L0: Reinforcement Learning to Become General Agents
Junjie Zhang, Jingyi Xi, Zhuoyang Song, Junyu Lu, Yuhua Ke, Ting Sun, Yukun Yang, Jiaxing Zhang, Songxin Zhang, Zejian Xie

TL;DR
L0 introduces a scalable reinforcement learning pipeline for training general-purpose agents, significantly improving problem-solving accuracy in complex tasks using a novel agent scaffold and open-source tools.
Contribution
The paper presents L0, a new end-to-end training system with a unique agent scaffold and RLVR, enabling efficient development of robust general agents.
Findings
Boosted SimpleQA accuracy from 30% to 80%.
Improved HotpotQA accuracy from 22% to 41%.

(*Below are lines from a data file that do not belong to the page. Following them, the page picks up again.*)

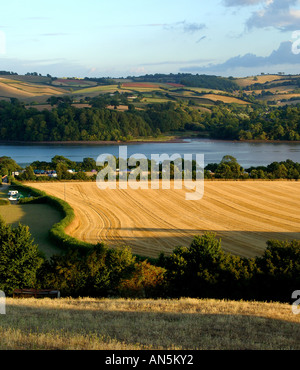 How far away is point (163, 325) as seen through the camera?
6688 millimetres

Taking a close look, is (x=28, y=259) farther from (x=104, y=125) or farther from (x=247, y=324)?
(x=104, y=125)

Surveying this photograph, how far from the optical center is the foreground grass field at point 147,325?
5.49 metres

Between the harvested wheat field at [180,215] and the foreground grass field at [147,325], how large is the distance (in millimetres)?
7401

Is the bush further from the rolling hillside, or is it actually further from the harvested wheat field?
the rolling hillside

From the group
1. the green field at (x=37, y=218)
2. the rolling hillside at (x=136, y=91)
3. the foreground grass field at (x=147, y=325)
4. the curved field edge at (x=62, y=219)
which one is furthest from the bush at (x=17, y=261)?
the rolling hillside at (x=136, y=91)

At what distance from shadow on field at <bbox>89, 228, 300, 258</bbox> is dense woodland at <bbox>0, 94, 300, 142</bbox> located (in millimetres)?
69534

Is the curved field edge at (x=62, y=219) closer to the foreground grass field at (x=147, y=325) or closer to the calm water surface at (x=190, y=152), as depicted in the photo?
the foreground grass field at (x=147, y=325)

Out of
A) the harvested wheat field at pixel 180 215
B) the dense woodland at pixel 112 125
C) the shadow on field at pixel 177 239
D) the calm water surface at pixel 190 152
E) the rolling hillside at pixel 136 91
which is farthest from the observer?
the rolling hillside at pixel 136 91

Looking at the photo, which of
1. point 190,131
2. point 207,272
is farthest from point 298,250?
point 190,131

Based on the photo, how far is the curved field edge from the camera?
51.4 ft

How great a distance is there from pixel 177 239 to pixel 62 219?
5.73 meters

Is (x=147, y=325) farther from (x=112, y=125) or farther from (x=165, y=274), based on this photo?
(x=112, y=125)

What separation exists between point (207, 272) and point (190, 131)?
3665 inches

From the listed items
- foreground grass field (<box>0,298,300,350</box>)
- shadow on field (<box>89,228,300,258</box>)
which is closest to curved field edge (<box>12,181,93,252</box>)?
shadow on field (<box>89,228,300,258</box>) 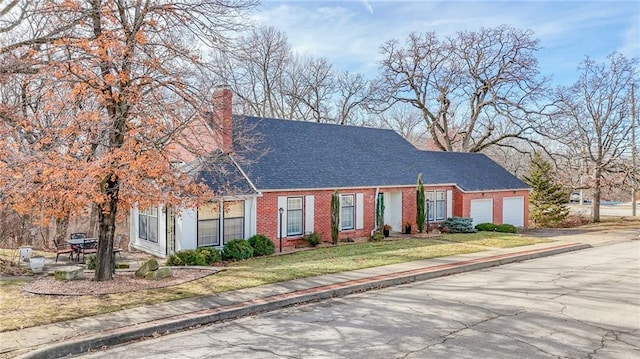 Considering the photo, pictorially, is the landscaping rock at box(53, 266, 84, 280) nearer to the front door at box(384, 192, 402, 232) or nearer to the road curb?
the road curb

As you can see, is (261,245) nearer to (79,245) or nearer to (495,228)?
(79,245)

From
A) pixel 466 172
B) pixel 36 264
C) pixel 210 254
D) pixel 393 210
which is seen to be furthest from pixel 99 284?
pixel 466 172

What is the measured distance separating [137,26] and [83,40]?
1.29 meters

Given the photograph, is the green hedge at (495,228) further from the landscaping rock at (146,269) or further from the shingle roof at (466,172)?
the landscaping rock at (146,269)

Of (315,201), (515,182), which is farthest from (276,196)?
(515,182)

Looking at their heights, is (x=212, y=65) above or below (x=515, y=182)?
above

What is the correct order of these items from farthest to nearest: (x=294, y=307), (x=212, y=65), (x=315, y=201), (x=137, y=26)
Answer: (x=315, y=201)
(x=212, y=65)
(x=137, y=26)
(x=294, y=307)

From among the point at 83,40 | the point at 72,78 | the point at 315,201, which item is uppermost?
the point at 83,40

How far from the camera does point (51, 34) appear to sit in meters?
10.5

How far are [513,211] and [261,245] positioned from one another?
60.7 feet

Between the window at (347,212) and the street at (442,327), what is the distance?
372 inches

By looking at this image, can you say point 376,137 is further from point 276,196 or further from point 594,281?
point 594,281

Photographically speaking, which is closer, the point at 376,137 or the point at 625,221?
the point at 376,137

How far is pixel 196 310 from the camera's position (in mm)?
8461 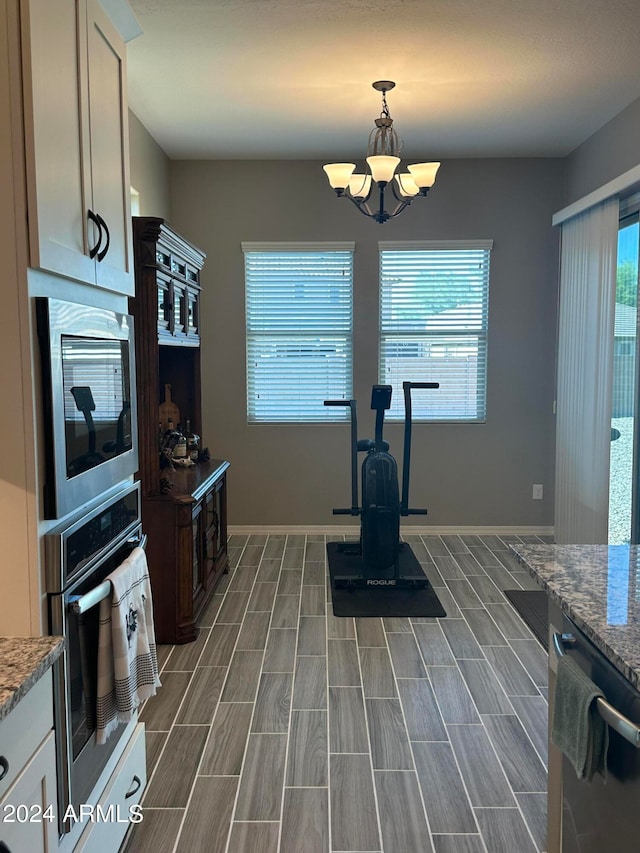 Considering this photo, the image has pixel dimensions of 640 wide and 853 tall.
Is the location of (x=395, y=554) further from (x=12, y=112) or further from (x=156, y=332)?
(x=12, y=112)

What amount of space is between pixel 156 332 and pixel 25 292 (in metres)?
1.95

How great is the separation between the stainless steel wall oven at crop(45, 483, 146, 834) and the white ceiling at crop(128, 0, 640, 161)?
7.58 feet

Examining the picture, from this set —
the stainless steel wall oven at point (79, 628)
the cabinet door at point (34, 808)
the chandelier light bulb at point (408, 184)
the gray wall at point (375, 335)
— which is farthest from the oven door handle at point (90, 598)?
the gray wall at point (375, 335)

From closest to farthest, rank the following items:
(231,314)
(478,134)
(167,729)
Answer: (167,729) → (478,134) → (231,314)

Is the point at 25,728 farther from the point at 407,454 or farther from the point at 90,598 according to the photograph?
the point at 407,454

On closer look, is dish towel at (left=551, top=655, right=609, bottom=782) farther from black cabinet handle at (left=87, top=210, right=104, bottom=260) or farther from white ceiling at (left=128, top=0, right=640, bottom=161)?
white ceiling at (left=128, top=0, right=640, bottom=161)

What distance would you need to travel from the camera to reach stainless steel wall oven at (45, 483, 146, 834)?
1432 millimetres

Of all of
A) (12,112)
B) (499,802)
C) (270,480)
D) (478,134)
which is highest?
(478,134)

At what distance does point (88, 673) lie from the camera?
5.39 ft

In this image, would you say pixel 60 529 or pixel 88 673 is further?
pixel 88 673

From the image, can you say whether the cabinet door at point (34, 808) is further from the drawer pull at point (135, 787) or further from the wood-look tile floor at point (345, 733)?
the wood-look tile floor at point (345, 733)

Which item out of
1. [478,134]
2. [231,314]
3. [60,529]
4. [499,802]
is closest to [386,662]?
[499,802]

Demonstrated effective reinforcement learning with verifiable rewards.
Abstract
Training large language models (LLMs) to act as autonomous agents for multi-turn, long-horizon tasks remains significant challenges in scalability and training efficiency. To address this, we introduce L-Zero (L0), a scalable, end-to-end training pipeline for general-purpose agents. Featuring a low-cost, extensible, and sandboxed concurrent agent worker pool, L0 lowers the barrier for applying reinforcement learning in complex environments. We also introduce NB-Agent, the agent scaffold within L0, which operates in a "code-as-action" fashion via a Read-Eval-Print-Loop (REPL). We evaluate L0 on factuality question-answering benchmarks. Our experiments demonstrate that a base model can develop robust problem-solving skills using solely Reinforcement Learning with Verifiable Rewards (RLVR). On the Qwen2.5-7B-Instruct model, our method boosts accuracy on SimpleQA from 30 % to 80 % and on…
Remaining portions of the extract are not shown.